Automated Testing for Product Development

3 mins read

“I’m a project manager. Why do I need to know about automated acceptance testing? Isn’t that for the quality assurance people? Our user stories already have acceptance criteria – is this different?”

A project manager posed this series of questions to me. The project follows Agile practices by breaking down tasks into sprints and developing user stories with acceptance criteria. They have product owners who accept the final product. Most of their tasks are completed on time.

However, these tasks often reach their conclusion only to find out something has to be revised. Many of the projects are revised, re-scoped, and re-done after “completion.”

Sound familiar?

What is Automated Acceptance Testing?

Automated acceptance testing is a way for the team to better communicate about the acceptance criteria for a particular task. If you’re following Agile development, this is a way to clarify what needs to be accomplished.

For example, this is a user story for their mobile development task.

User story:

As a person visiting the website from my smartphone,

I want to view the webpage on my handheld device

so that I can get the information I want on the go.

Acceptance criteria:

The page should load nicely.

It should work on all smartphone devices

What does it mean for the page to load nicely? How does the product owner accept that? Does the product owner and the development team have the same definition of what it means to load nicely? The team might think about speed to load and responsive design to the size of the screen. The product owner might focus on the search box or call to action location.

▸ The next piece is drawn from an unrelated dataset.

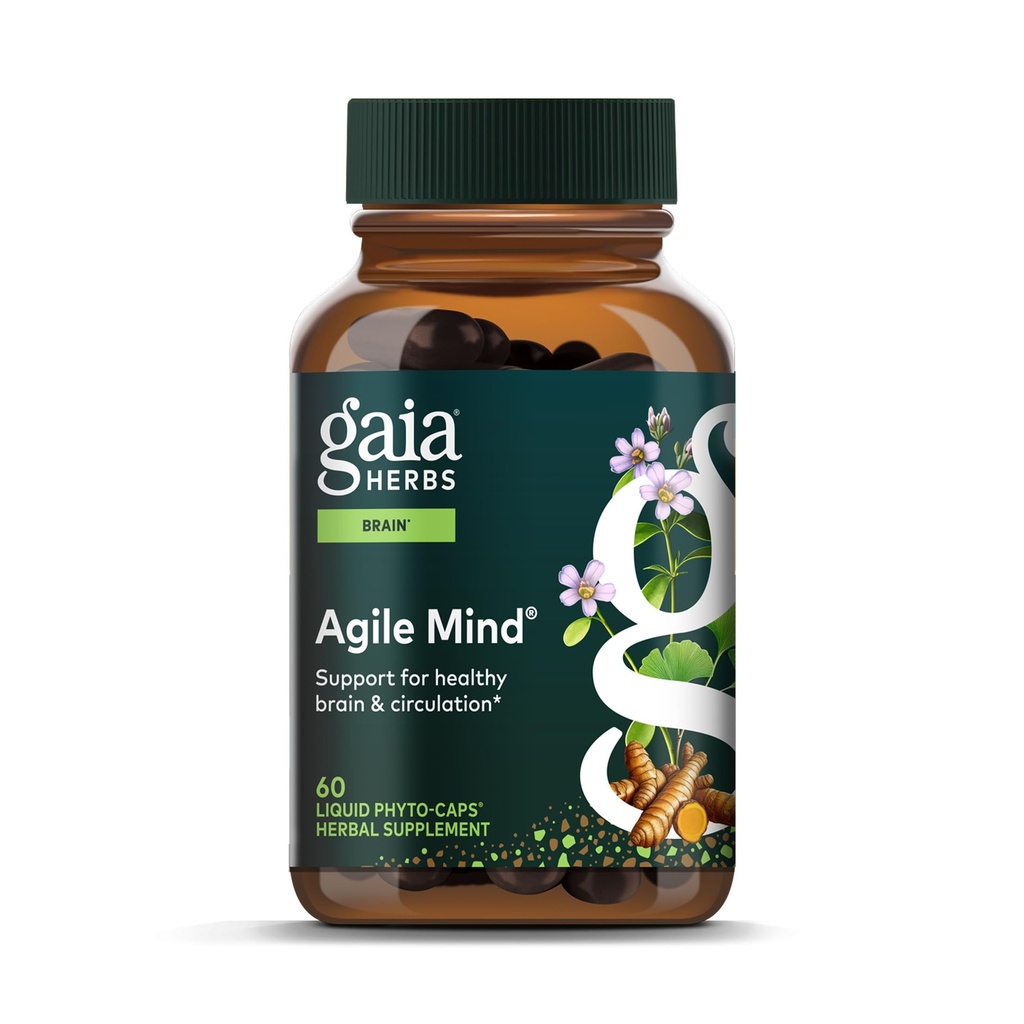 Gaia Herbs Agile Mind - Brain & Cognitive Support Herbal Lisäravinteet - Luomukurkuma juuri, Bacopa, Black Pepper, ja Ginkgo Biloba - 60 Vegan Liquid Phyto-Capsules (30 päivän toimitus)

How about working on a smart phone device? Which ones are there? How many have we considered?

Now, let’s revise the story using automated acceptance criteria written in  Gherkin language.

User story:

As a person visiting the website from my smartphone,

I want to view the webpage on my handheld device

so that I can get the information I want on the go.

Acceptance criteria:

Given I go to the website on my <smart device>

When I open the page

Then the search box is displayed at the top

And the navigation menu displays below that.

The second example lays out clear, testable, measurable criteria.

It’s a team effort

Automated acceptance testing involves the entire team; it’s not just the responsibility of one team-member.

The product owner can determine the exact feature he or she is accepting. There is a better outline of the expectation with definable goals.

The development team has a clear understanding of the execution and on which tasks to focus. The team helps write the tests in conversation with the business analyst and product owner.

The business analyst and tester can structure tests better by writing clearer user stories with actionable testing criteria.

The project manager can ensure the right product gets delivered on time with limited rework.

What’s the Pay Off?

For website team used in this example, it means delivering complete tasks on time with the product owner’s approval and limited re-work.

The whole team is involved, and the whole team improves with this method, but the whole team might not buy-in immediately. It takes time to learn the new process, and it takes communication to work out a consistent understanding across your team.

The project manager needs to encourage the team to follow this method for the benefit of everyone. And for the project manager, it means less time in the long run trying to figure out why projects aren’t complete on time to specification.

Do you use acceptance testing on your development project? Have you had the same scenario given at the beginning?